Why do some airlines’ tickets seem to be so much more expensive?

Airlines are taking a hit from rising ticket prices, with some offering better deals on tickets and airlines are taking steps to prevent those prices from rising again.

The White House on Thursday announced that it will give airlines more leeway to negotiate lower ticket prices for some travelers.

The order is the latest in a series of moves by the Trump administration to curb skyrocketing ticket prices.

It comes amid a national debate over airline pricing.

The order is part of a broader effort to address soaring ticket prices and boost the nation’s ability to compete with China, a key U.S. ally, in an era of low oil prices.

At least two large airlines, Delta and United, have announced price hikes in recent weeks.

Delta, which also has its own airline, announced that fares on its domestic flights would increase.

Delta has also announced that its international flights would be cheaper on its flights from Orlando to London from this coming summer.

Delta said the price hikes would take effect beginning July 1, but did not specify the date.

United has not announced pricing changes but said that it would be raising fares on domestic flights by $1.25 on July 1 and July 3, and by $2 on July 7.
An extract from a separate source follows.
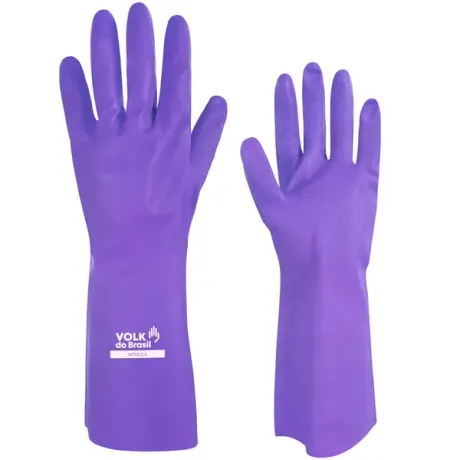 Luva Nitrílica Sem Forro Lilás Volk - Química Tipo B JKOPT Biológica - Grip Diamante - Clorinada - 10.65.010.21 - CA 52069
All of the airlines that made the announcements Thursday said the prices would be capped at the rate of inflation.

United said its fare hike would begin July 1.

Delta, United and Southwest also said that they would be increasing fares starting July 3.

The hikes are the latest moves in a wave of price increases that have hit airlines.

Last month, United announced a price increase on its premium seats on its first class, business and economy seats.

The airline said it would raise its prices by $50 on its own economy seat.

Earlier this month, Southwest Airlines announced a $25 increase to the cheapest economy seats in its first-class business and business class.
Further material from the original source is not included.